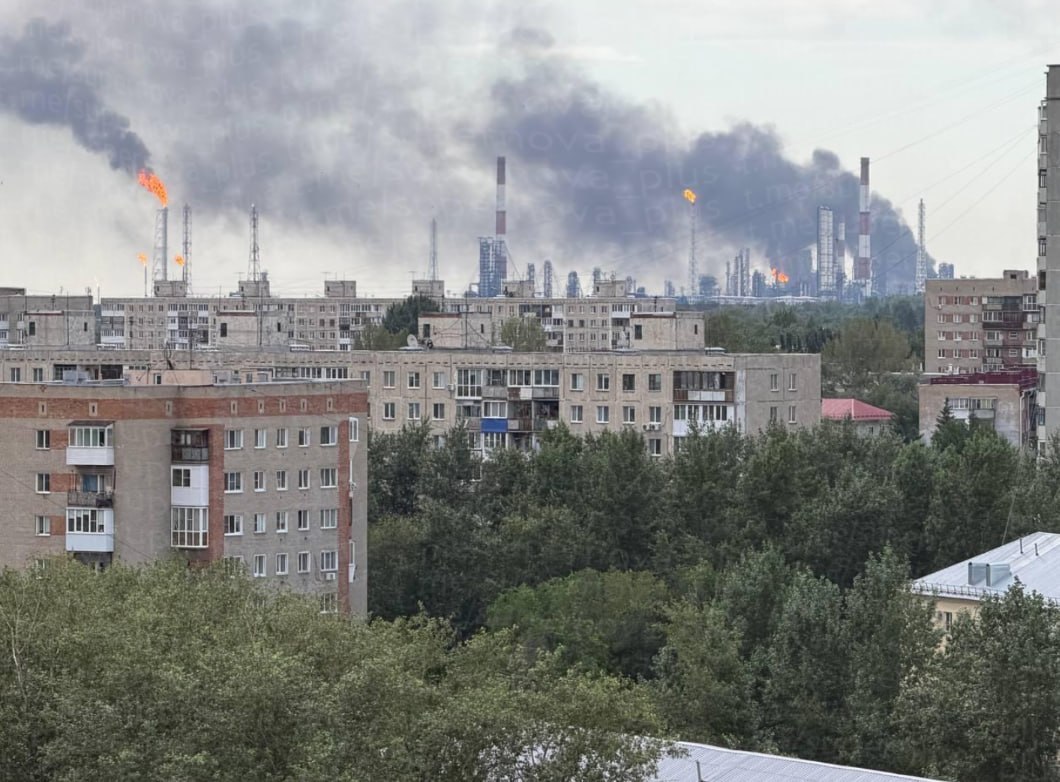 烏克蘭無人機襲擊鄂木斯克煉油廠。 圖:翻攝自X帳號@visegrad24
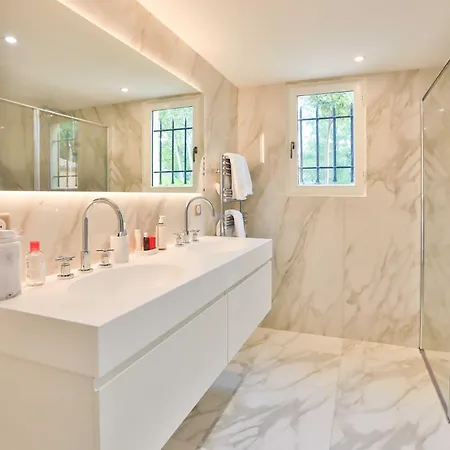 Sumptuous Facing The Bay Of Canebiers *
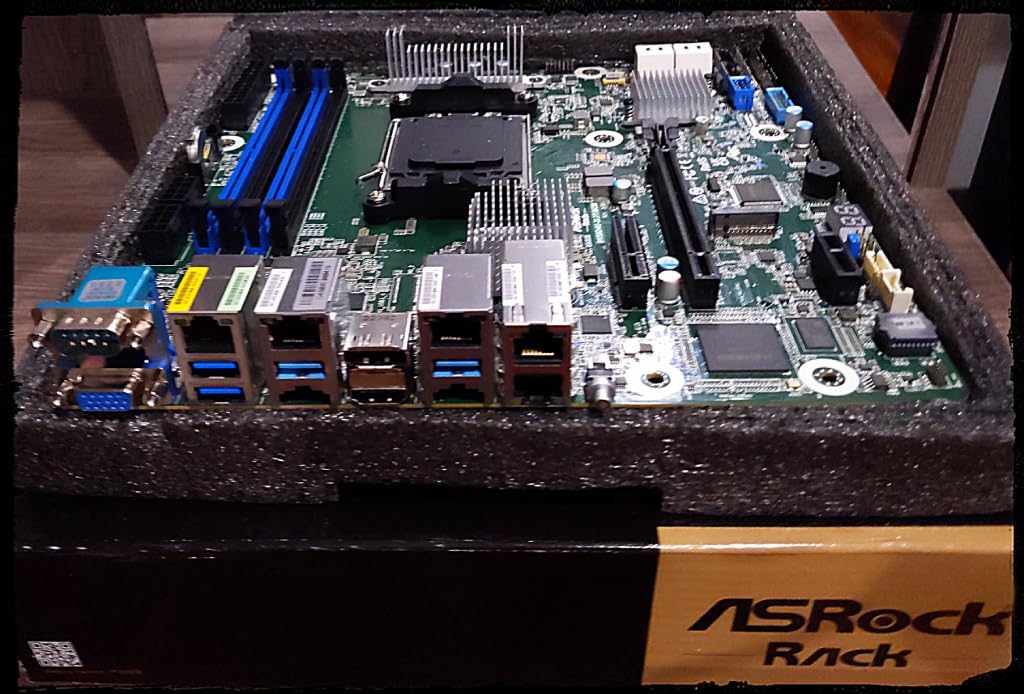 ASRock Rack B650D4U-2L2T/BCM Micro-ATX Server Motherboard AMD Ryzen 7000 Series B650E PCIe 5.0 Dual 10G LAN customer photo 1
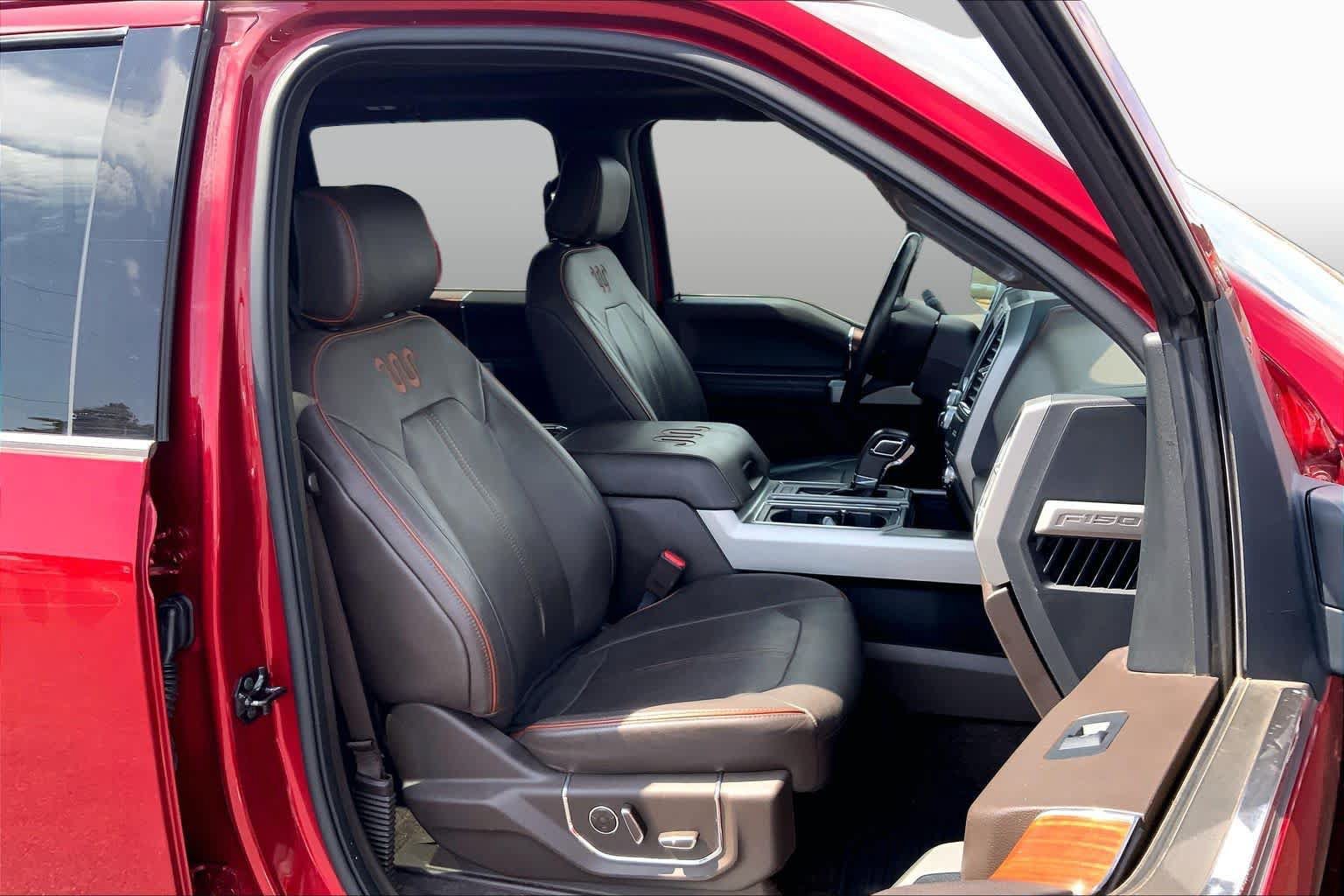 Used 2016 Ford F150 King Ranch w/ Equipment Group 601A Luxury AWD/4WD image 9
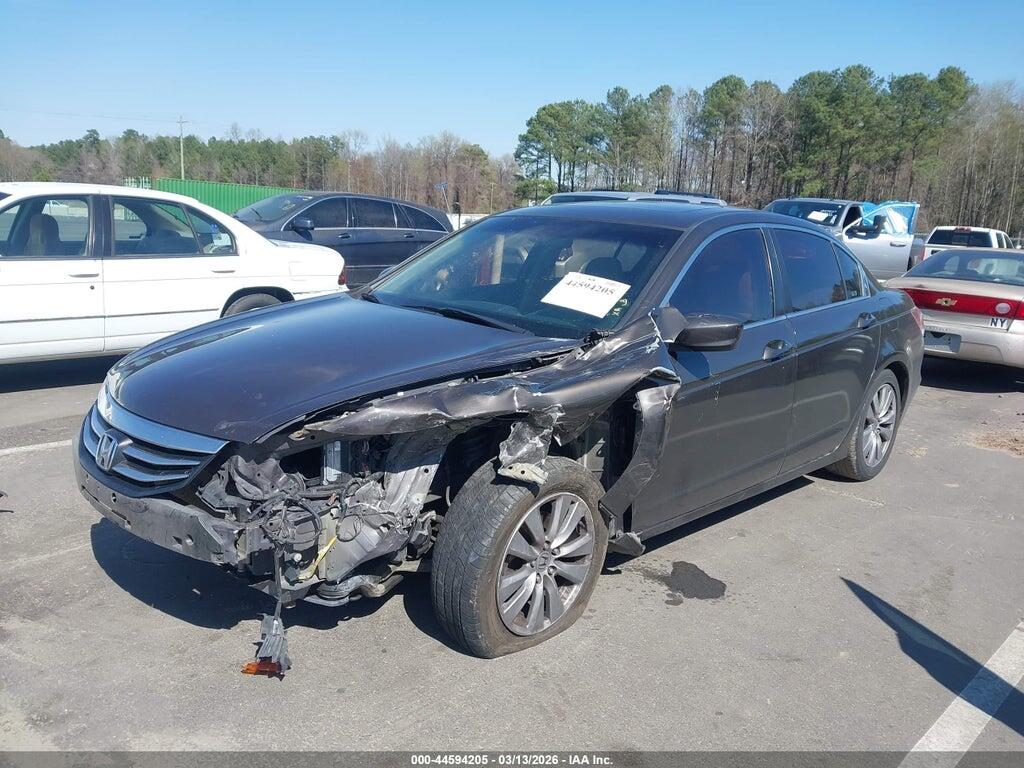 1HGCP2F76BA141467 2011 HONDA ACCORD photo no. 2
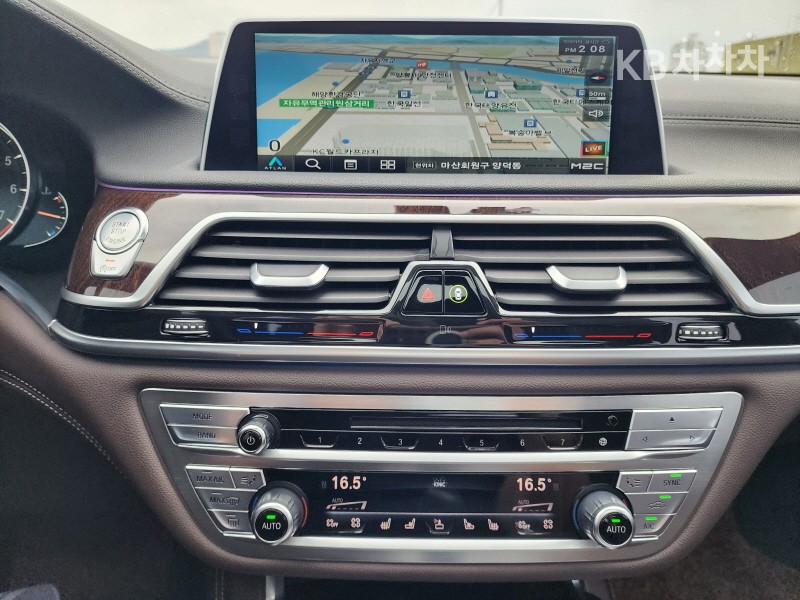 BMW 7er — miniaturë 12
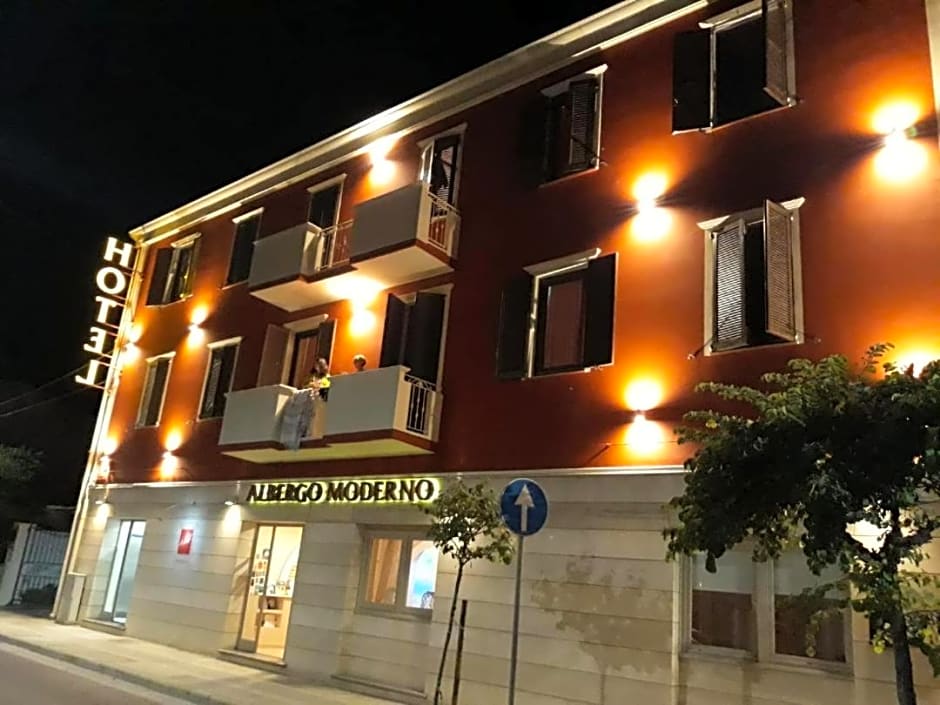 Hotel Ristorante Moderno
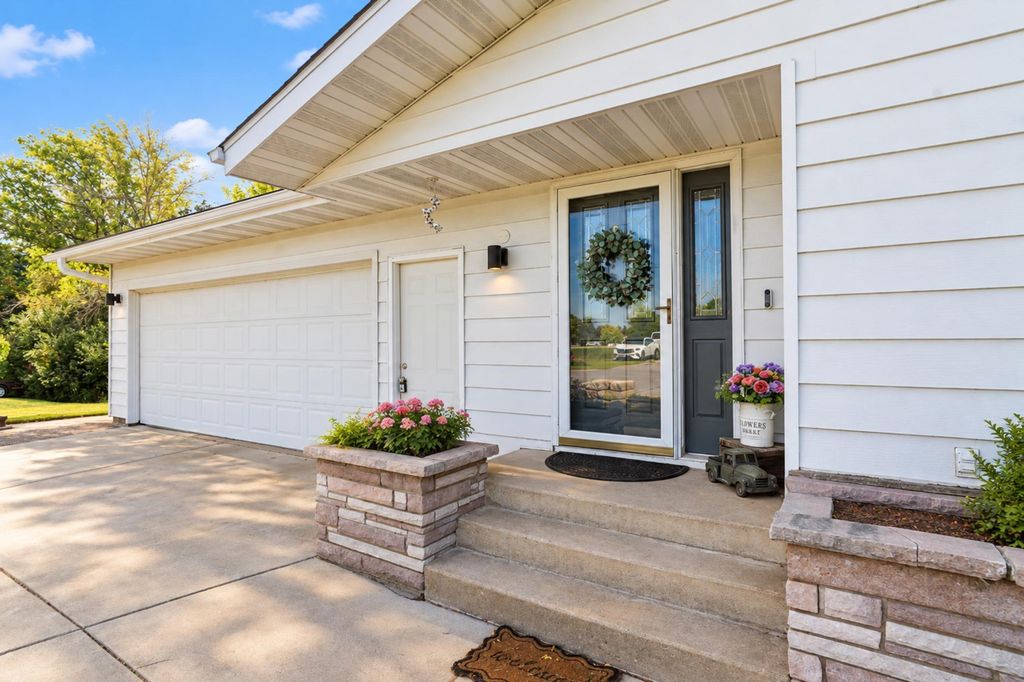 5840 Highway 19 Boulevard, Cannon Falls, MN 55009 — exterior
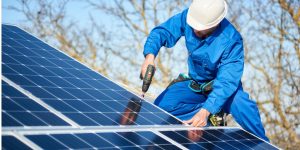 Installation Maintenance Panneaux Solaires Photovoltaïques à Monthyon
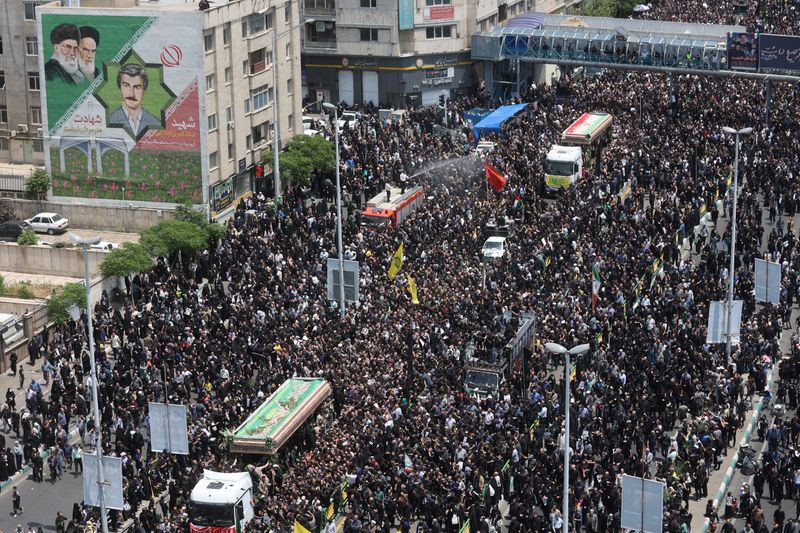 &copy; Reuters. Mourners attend the funeral for victims of the helicopter crash that killed Iran's President Ebrahim Raisi, Foreign Minister Hossein Amirabdollahian and others, in Tehran, Iran, May 22, 2024. Majid Asgaripour/WANA (West Asia News Agency) via REUTERS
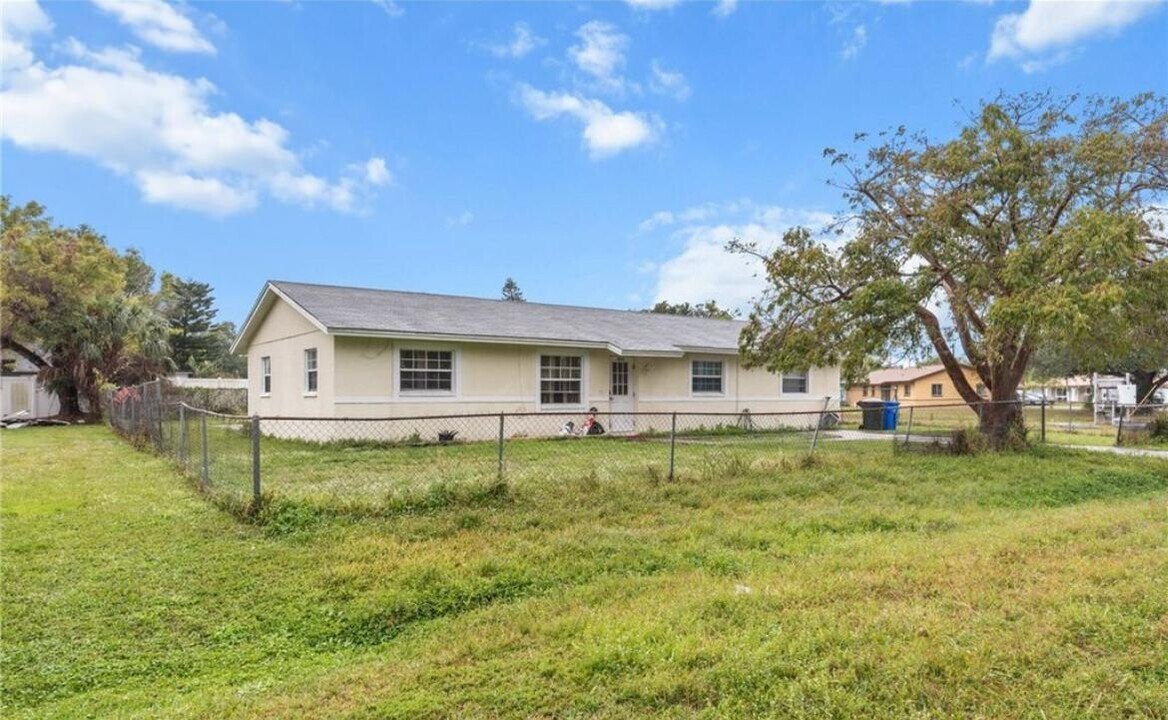 6135 Markland Ave in Ft. Myers, FL - Building Photo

■ About this task
From the line containing "Installation Maintenance Panneaux" down to the end of the listing above, every line is to be returned exactly, though the pictures are not.

■ Answer to this exercise
 Installation Maintenance Panneaux Solaires Photovoltaïques à Monthyon
 &copy; Reuters. Mourners attend the funeral for victims of the helicopter crash that killed Iran's President Ebrahim Raisi, Foreign Minister Hossein Amirabdollahian and others, in Tehran, Iran, May 22, 2024. Majid Asgaripour/WANA (West Asia News Agency) via REUTERS
 6135 Markland Ave in Ft. Myers, FL - Building Photo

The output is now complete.